What is required –
Set the pictures aside and return each record below precisely as written.

Material to process –
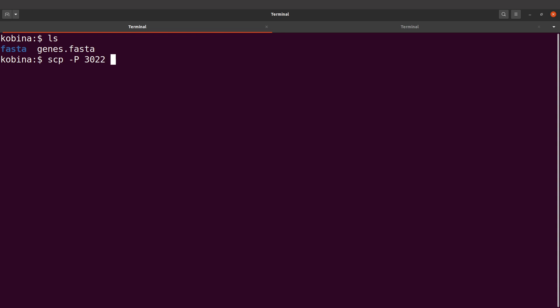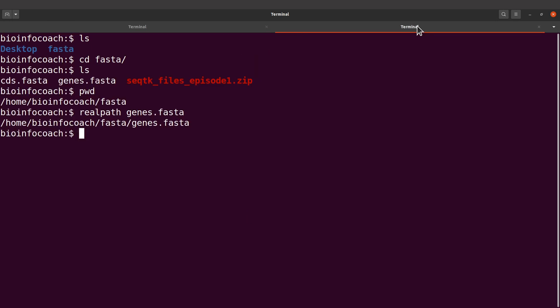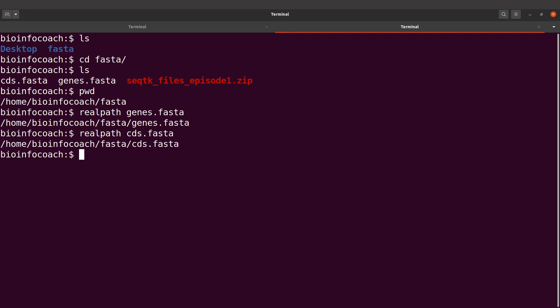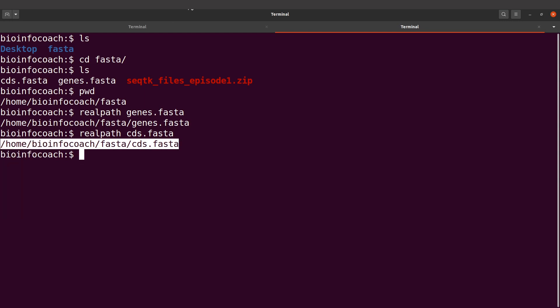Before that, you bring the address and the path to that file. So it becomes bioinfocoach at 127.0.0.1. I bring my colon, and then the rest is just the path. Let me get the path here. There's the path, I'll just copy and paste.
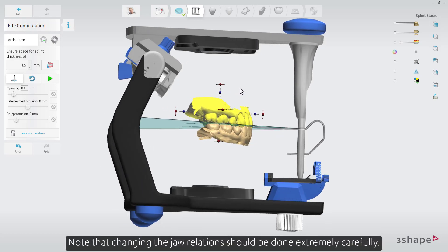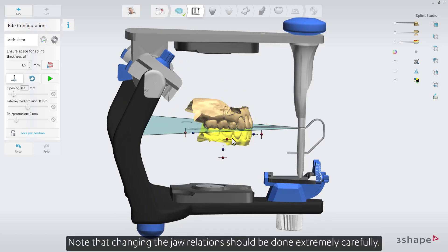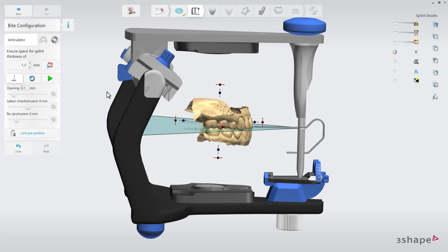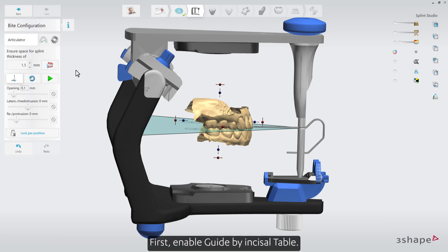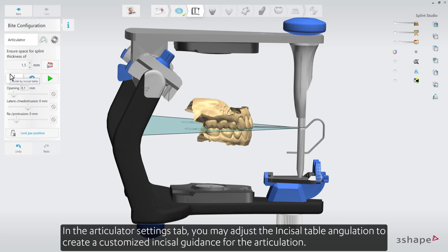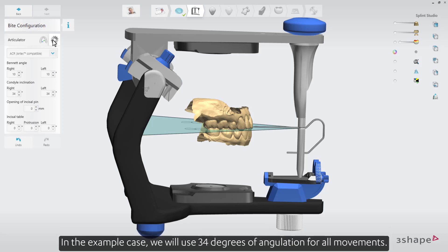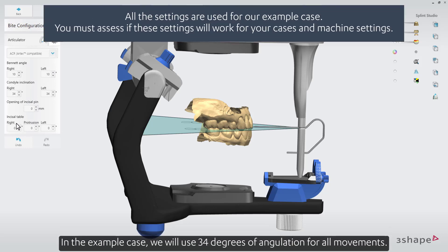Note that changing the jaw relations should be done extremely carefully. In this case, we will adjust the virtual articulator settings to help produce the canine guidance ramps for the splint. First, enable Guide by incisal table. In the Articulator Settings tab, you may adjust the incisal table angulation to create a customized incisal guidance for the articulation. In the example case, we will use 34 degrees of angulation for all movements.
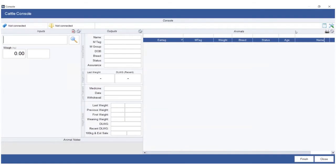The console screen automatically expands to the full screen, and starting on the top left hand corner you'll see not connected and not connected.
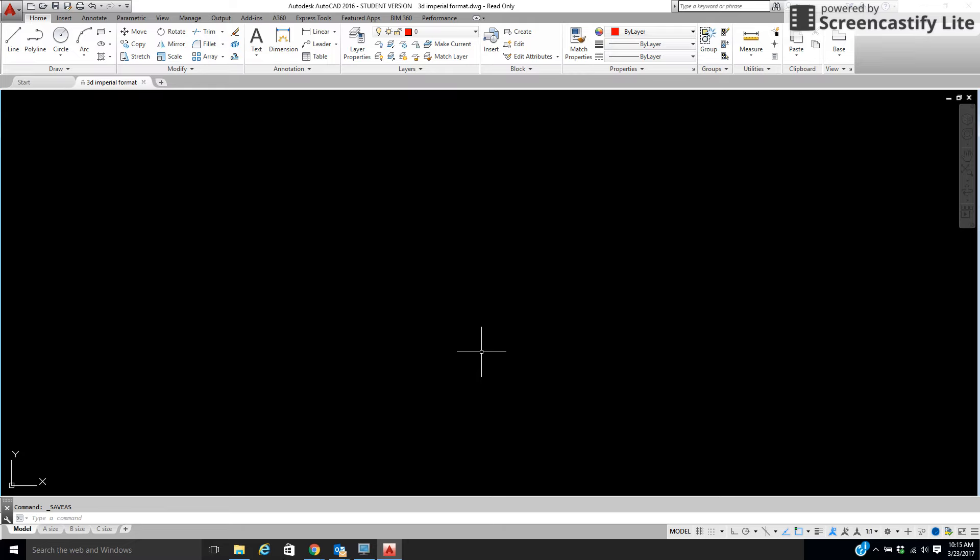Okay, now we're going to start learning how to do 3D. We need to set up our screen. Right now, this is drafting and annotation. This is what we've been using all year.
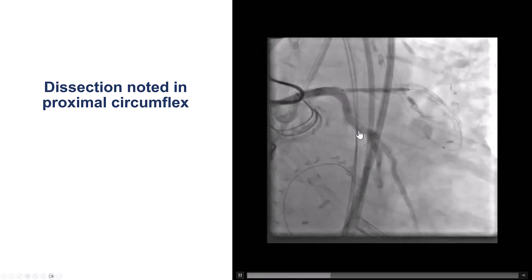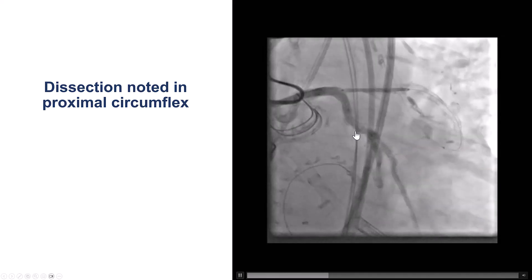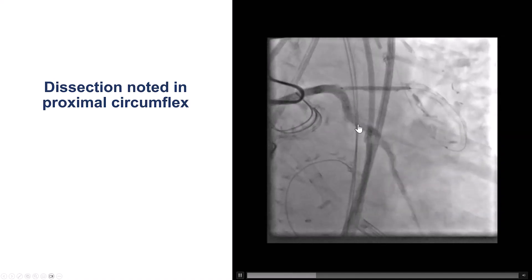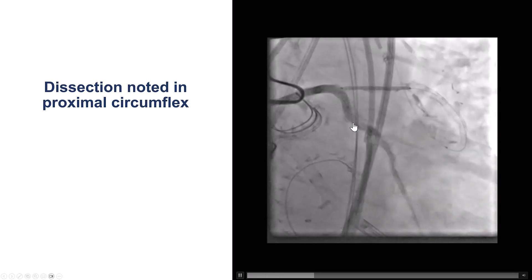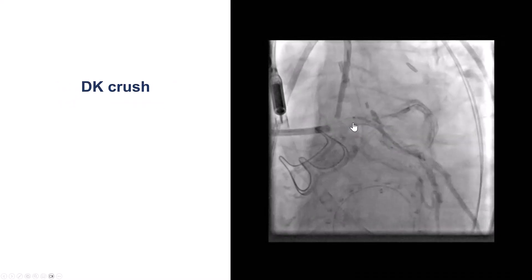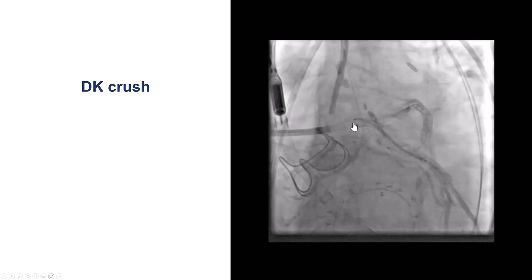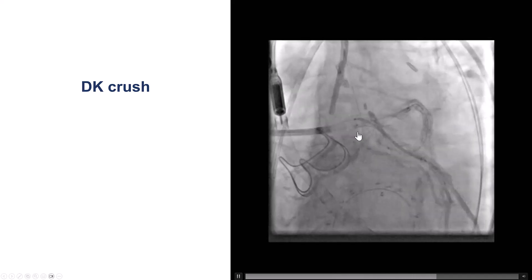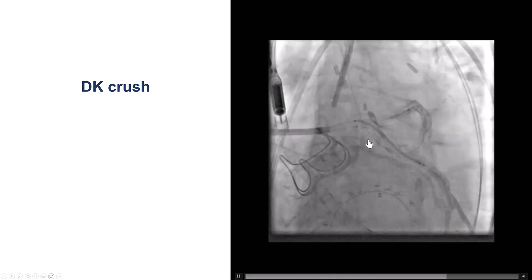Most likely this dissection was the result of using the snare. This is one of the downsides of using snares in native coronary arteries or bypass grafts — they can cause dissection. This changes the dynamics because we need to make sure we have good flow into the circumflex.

Reply –
Before that, you bring the address and the path to that file. So it becomes bioinfocoach at 127.0.0.1. I bring my colon, and then the rest is just the path. Let me get the path here. There's the path, I'll just copy and paste.
Note that changing the jaw relations should be done extremely carefully. In this case, we will adjust the virtual articulator settings to help produce the canine guidance ramps for the splint. First, enable Guide by incisal table. In the Articulator Settings tab, you may adjust the incisal table angulation to create a customized incisal guidance for the articulation. In the example case, we will use 34 degrees of angulation for all movements.
The console screen automatically expands to the full screen, and starting on the top left hand corner you'll see not connected and not connected.
Okay, now we're going to start learning how to do 3D. We need to set up our screen. Right now, this is drafting and annotation. This is what we've been using all year.
Most likely this dissection was the result of using the snare. This is one of the downsides of using snares in native coronary arteries or bypass grafts — they can cause dissection. This changes the dynamics because we need to make sure we have good flow into the circumflex.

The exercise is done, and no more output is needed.